Actually, some elaboration of this algorithm is required to make a sensible choice of initial values of high and low. Also, the "independent_variable" has to be the one YOU choose. For this reason I am supplying a thresh.hoc file which contains a binary search implementation of

	final_val = threshold(&var_name)

You will need to edit your init.hoc file to load thresh.hoc by adding the line

	load_file("thresh.hoc")

You can test the function with

	threshold(&AlphaSynapse[0].gmax)

While testing, it is a good idea to display the soma voltage and the parameters of AlphaSynapse[0] and APCount[0].

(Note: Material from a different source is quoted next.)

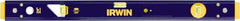 Irwin - 24" Long 3 Vial Box Beam Level - Aluminum, Blue/Yellow, 1 Level & 2 Plumb Vials - Benchmark Tooling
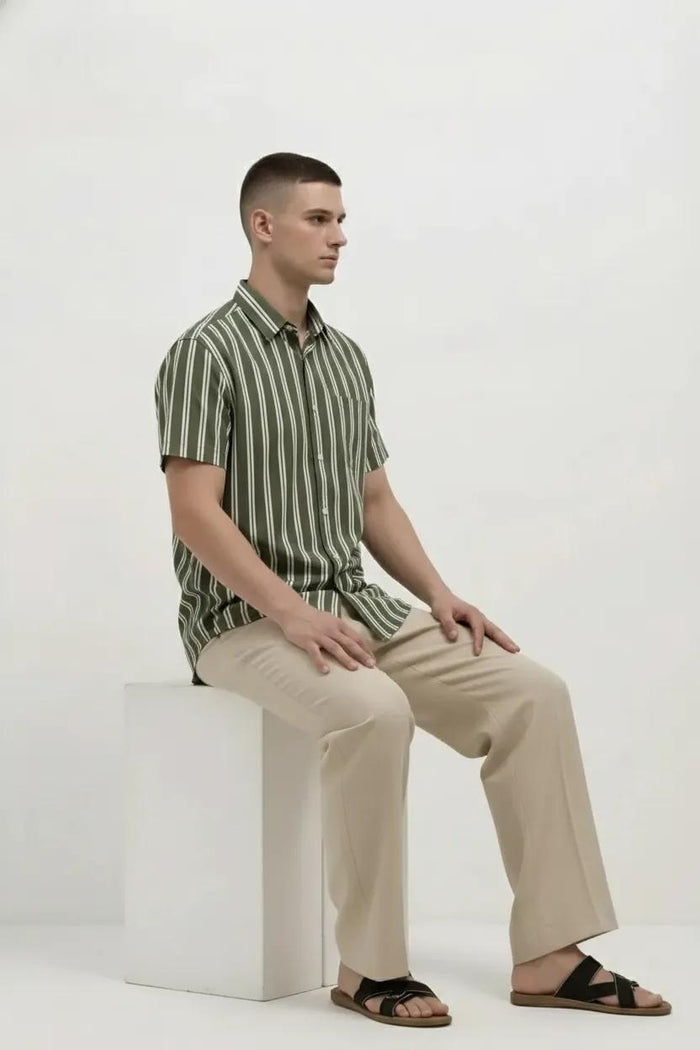 Men Light Olive Striped Casual Shirt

Hints to keep run time short:
1. Set Tstop to 15 ms (we happen to know that no spike will start later than 15 ms)
2. Use variable dt (gains a large speedup at the cost of slightly lower accuracy)

Plot result

Bring up a Grapher tool (NEURON Main Menu / Graph / Grapher). You have already read about it but you might want to try this simple example just to brush up:
PlotWhat : sin(t*t)
Plot

To use the Grapher to generate a family of simulations and plot the results, we want to plot

	AlphaSynapse[0].gmax vs taper

If we define "taper" as our independent variable, we need a generator such as

	hhtaper(taper) threshold(&AlphaSynapse[0].gmax)

This is just a "one-liner" (old BASIC hackers will remember one-liners) that first executes the procedure hhtaper(taper) and then applies the threshold() function, adjusting gmax until the threshold value is found.

Alternatively we could leave the Generator field empty and just plot a function like

func g_thresh_taper() {
	hhtaper($1)
	return threshold(&AlphaSynapse[0].gmax)
}

Don't forget that taper should be allowed to range only from 0 to 1.

To save time (you'll be executing a lot of runs!), set the Grapher's Steps parameter to 5 or 10 at most.

Footnotes

Speed

Notice that the threshold function executes a family of runs. Since we are using the Grapher to plot the threshold value as a function of the spatial extent of HH channels, we effectively have a family of families (or, if we changed synaptic location as well, a family of families of families . . . ), which may involve hundreds of runs. Since plotting is often the rate limiting step for a simulation, the entire process can be speeded up considerably by not plotting the soma voltage (in the NEURON Main Menu, toggle "Quiet" on).

Using the Grapher to plot threshold gmax as a function of ion channel distribution

Exercises

Try putting the AlphaSynapse at different points in the model. Turn on Keep Lines in the Grapher so you can compare results for different synaptic locations.